The psychologist Abraham Maslow calls spiritual and emotional truancy the Jonah Complex: “the evasion of one’s own growth, the setting of low levels of aspiration, the fear of doing what one is capable of doing, voluntary self-crippling, pseudo-stupidity, mock humility….” Calls often seem immoderate, beyond our abilities or our wildest dreams, beyond what we believe possible, and immoderation is contrary to most spiritual wisdom. We balk, but it makes perfect sense that we should be called to go beyond our limits, because the One that calls us is beyond all limits.

I suspect that all the energy we have bound up in resisting our own potential is more energy than we’ll need to reach it.
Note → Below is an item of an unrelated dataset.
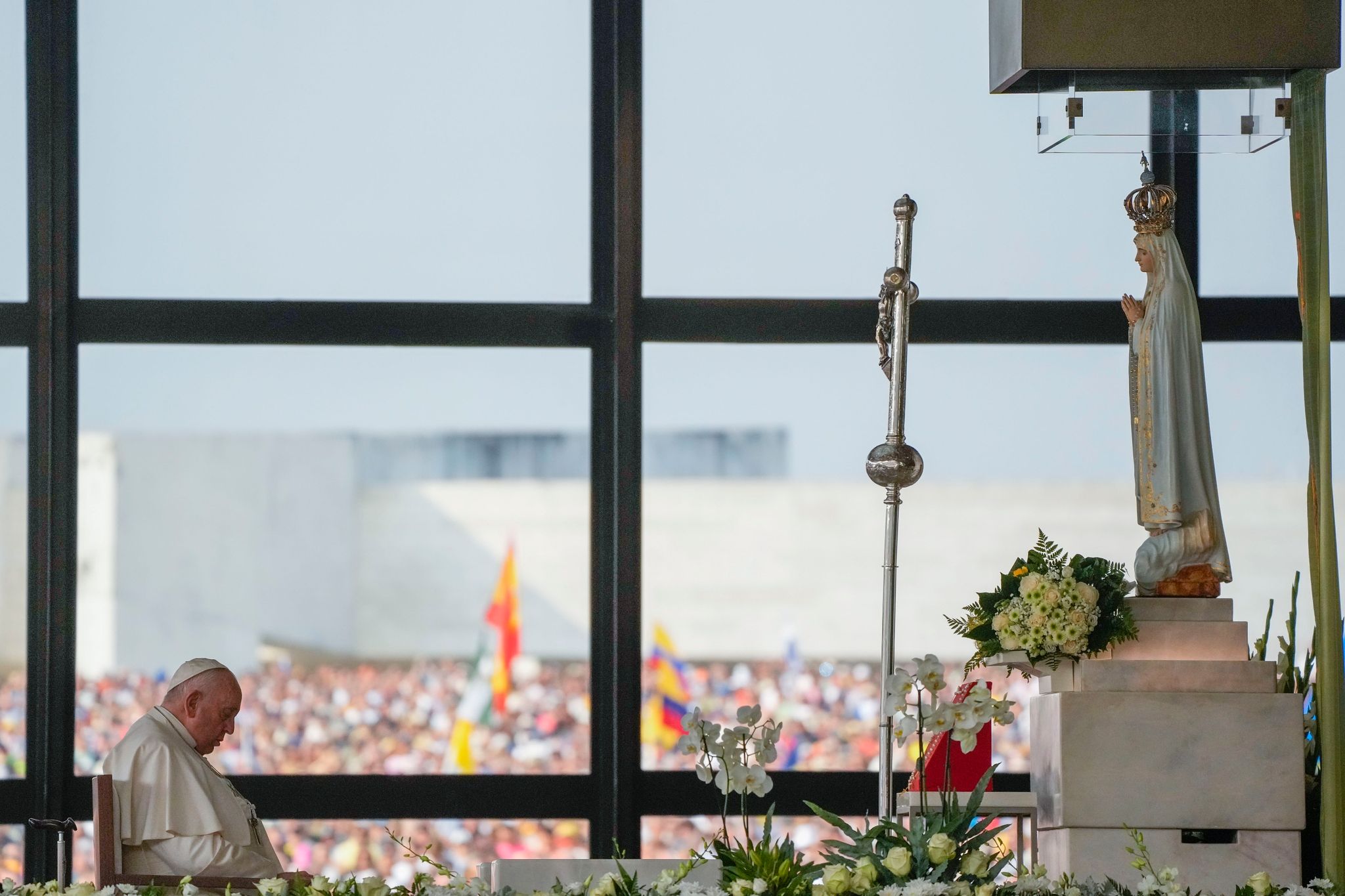 Wallfahrt in Fatima: Papst Franziskus betet für Frieden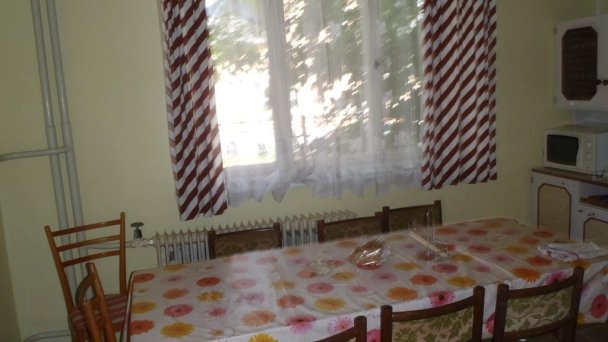 Ubytovanie Starý orech Štúrovo 11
It takes as much energy to fail as it does to succeed. The strategies are legion:

  • Hiding behind the tasks of discernment. By analyzing a call to death and picking apart all its varying implications and by poring over calculations that would put an actuary into a coma, we lose all the heat from the heart through the head, as if we had been in the bitter cold without a hat.
  • Waiting for the Perfect Moment. Waiting for just the right combination of time, money, energy, education, freedom and the ideal alignment of the planets. For most people, says professional public speaker Rosie Perez, “The refrain goes, ‘It’s one for the money, two for the show, three to get ready, three to get ready, three to get ready….’”
  • Telling ourselves lies. For instance, “I can’t afford it.” I can’t afford to take the time or spend the money or learn the skills; can’t afford to get off the hamster wheel even momentarily, lest my life come to a grinding halt. None of it was ever true, though. The truth was, “I won’t afford it.” I won’t reprioritize my life, won’t make sacrifices, won’t disrupt my family, won’t forgo eating out in restaurants for six months to be able to buy myself the education I need….
  • Choosing a path parallel to the one we feel called to, one that’s close enough to keep an eye on it but not so close we’re tempted to jump tracks. We become an art critic rather than an artist, a school teacher rather than a parent, a reporter rather than a novelist.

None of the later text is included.